To allow the children some time to explore on their own, Julia, Stephanie, and Abby gave each child their own teacup to hold. The children immediately began pretending to drink from their cups and started knocking their cups together and saying, “cheers”.
How did you encourage your class to explore their own ideas while in the gallery? Why is this important for toddler learning?
I am so glad that we brought the toy cups into the gallery. Having objects or something for the children to hold in the galleries is a really great way to keep their interest. It also lets them begin to play in the museum space. Children this age need to act something out or interact with it physically in order to build understanding. I should note that when you allow children to play, they sometimes will partake in activities that need redirection. In this instance, my class started banging their cups on the ground in a quiet and echo-y gallery so we encouraged them to instead take pretend slurps and saying cheers
Julia reminded her class that “tea is a time” and explained that sometimes people drink tea to socialize or to find a sense of calm deep inside of themselves. To further explain this sense of calm, she read “Charlotte and the Quiet Place” by Deborah Sosin.
How did you explain the topic “tea is a time” to your toddlers?
In doing my research for this lesson, I learned how very often “tea times” around the world are used as a break from work and a chance to socialize. There is the classic British tea time but also many, many, other cultural traditions around tea as a time to relax. Japanese tea ceremonies focus on using the process of preparing tea as a time of calm and meditation.
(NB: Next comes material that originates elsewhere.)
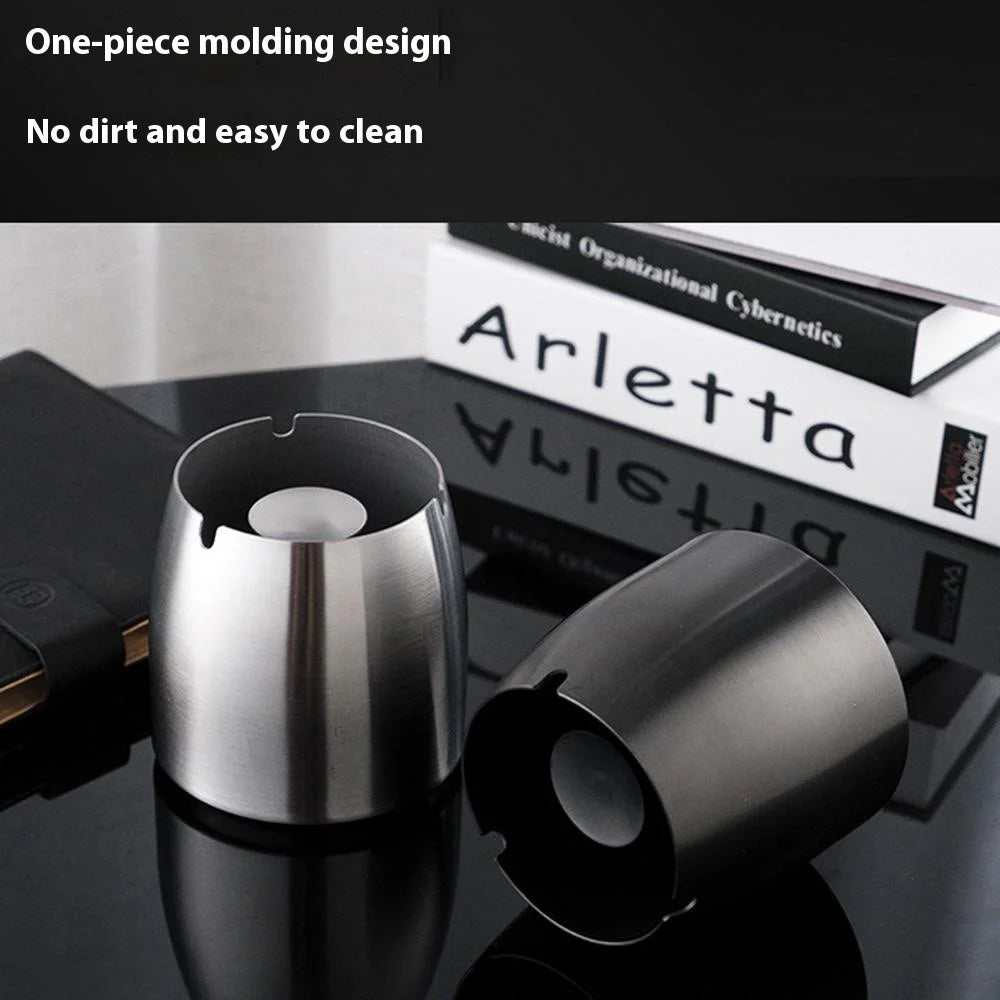 Stainless Steel Ashtray Thickened Cigarette Holder Anti Fly Ash Ashtray Large Size without Lid - 4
With children this age, recognizing and dealing with big feelings is a huge part of their social emotional development. Finding ways to help toddlers recognize when they are overwhelmed and giving them strategies (even as simple as teaching them how to take big breaths) are really valuable.
I love the book Charlotte and the Quiet Place by Deborah Sosin (Author) and Sara Woolley (Illustrator) because it is very simple, a young girl is overwhelmed by a noisy world. She finds a quiet place in that park and realizes taking deep breaths helps her feel better. It helps introduce children to the idea of being overwhelmed (e.g. things are too loud) and that there are ways to not feel that way. Talking about tea time as a calming time was both authentic to the many cultures that consume tea and also a great opportunity to help talk to children about their big feelings.
Before leaving, children took some deep breaths while holding their teacups so they could find their own quiet place. Then they were lifted up so they could better see the tea bowls.
What recommendations do you have for another teacher trying out this lesson?
If you are going to teach about other cultures it helps to ground it in something the children are genuinely interested in. I tried to avoid taking a tourist approach to Japanese culture by always connecting the knowledge to the children’s lives and grounding the lessons in their demonstrated interest in tea.
I had trouble finding books about tea that were age appropriate and connected well to my lesson so I wrote my own! It’s always an option to make the resource you are looking for. When visiting museums that are not typically geared toward children, it helps to visit the space first to see the layout of the gallery. In this instance, I was able to determine where I would want the children to sit so that they could freely explore with their toy tea cups.